Wednesday will be my first day at the machine shop, woo hoo, I get to learn something new.

Reactions: Like 1 | Way Cool 4 | +Karma 1


----------



## Kevin (Oct 10, 2014)

Awesome. You can start making your own shell hardware now. I have had a design for a throw in my head for years let me know when you have earned the privilege to use the shop in your off hours. 

Congrats on your new job. And so many people saying "I can't find a job!" that's because they don't make it a job to look for one like you did.

Reactions: Agree 2 | Great Post 2


----------



## Blueglass (Oct 10, 2014)

Let's see Damascus from Kilgore and machine shop, I see super cool lugs in the future. I've thought about throws too. The beer taps I get are about as simple and efficient as can be. I may base something on them for my own drums if the guy that makes them doesn't mind.


----------



## Blueglass (Oct 15, 2014)

Holy crap my mind is blown! Today was the first day. I had used vernier calipers before but always from my own study and frame of reference. The owner is an older I believe Hungarian, if I got the answer wrong, NO!!! Not in a bad way but sharp and firm. I started getting it right pretty quick. Micrometers were pretty new to me, NO!!! I am learning and have no doubt on whether I'm right or wrong. What a day, do it again Friday!

Reactions: Like 4


----------



## Blueglass (Oct 16, 2014)

Kevin said:


> Awesome. You can start making your own shell hardware now. I have had a design for a throw in my head for years let me know when you have earned the privilege to use the shop in your off hours.
> 
> Congrats on your new job. And so many people saying "I can't find a job!" that's because they don't make it a job to look for one like you did.
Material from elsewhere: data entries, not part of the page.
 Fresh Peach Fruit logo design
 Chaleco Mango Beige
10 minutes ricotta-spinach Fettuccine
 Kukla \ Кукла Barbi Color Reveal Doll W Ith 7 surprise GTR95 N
Kevin I'm working 3 jobs at this point. The machine shop is on my water delivery route and I started asking questions. I must have asked the right ones and the old man liked my hustle/ work ethic. I have found one job springboards me to another. I also try not to burn bridges which is why I'm working the whole 2 week notice with the water company even though the owner has burned me a few times. I just try to live and learn and boy o boy am I learning.

Reactions: Like 2 | Agree 1 | +Karma 1


----------



## Alan Sweet (Oct 16, 2014)

Good choice ... and never ever burn bridges. (Another good decision). When I was young, I burnt some and later regretted it. 
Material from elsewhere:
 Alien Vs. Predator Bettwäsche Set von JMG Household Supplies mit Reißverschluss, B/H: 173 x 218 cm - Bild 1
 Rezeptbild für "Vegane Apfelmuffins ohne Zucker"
Also, doing things today that nobody wants to do means that some day you will be doing things that only you can.

Reactions: Agree 2


----------



## Kevin (Oct 16, 2014)

You're doing it the right way Les. It's encouraging to see your updates and hear of your successes. Not burning bridges is sometimes hard, but it almost always pays dividends indirectly, and sometimes even directly down the road.

I always do my best not to burn any, even though sometimes as I cross, I have to overcome the temptation to set some charges beneath the girders for the nogoodniks coming down the trail . . . . . . .

Reactions: Agree 1


----------



## eaglea1 (Oct 16, 2014)

Always be humble in learning anything new. I get a lot of brand new green apprentices in here, and can always tell
the ones that really want to learn, vs. the ones that have already (think they have) done it all, seen it all, and know it all.
Those are the ones that need to learn the most, starting with listening. They have not earned the right yet to be called a
jouneyman, and need to pay their dues the same as all of us old buzzards have already done. They get upset when they
are told that they are lower than whale s**t, but yet don't realize that they're only being told that, because they are liked.
It's when you aren't being told things, that you really need to worry..... Anyways, sorry to go on, but good luck Les, hope
you get to where you want to be someday, and everybody on here feels the same I'm sure......
Randy

Reactions: Like 1


----------



## ripjack13 (Oct 16, 2014)

Blueglass said:


> The owner is an older I believe Hungarian, if I got the answer wrong, NO!!! Not in a bad way but sharp and firm.



.

Reactions: Like 1 | Funny 1


----------



## Blueglass (Oct 16, 2014)

Randy I am an old guy. The older I get the more I realize I don't know [email protected]&?#.


----------



## ripjack13 (Nov 22, 2014)

Les, how's the job going?


----------



## Blueglass (Nov 23, 2014)

Learning everyday! Working my butt off so sleeping well. I'm really liking it. I plan on giving my. Notice to Frito Lay tomorrow, I just can't keep working the hours I have been. Oh and I got bumped up a dollar an hour already so I must be doing something hing right. Thanks for asking.

My wood work has ground to a halt for now though.

Reactions: Like 1 | Great Post 1 | Way Cool 1


----------



## ripjack13 (Nov 23, 2014)

Good to hear Les. Thanks for the update. Congrats on the raise!!


----------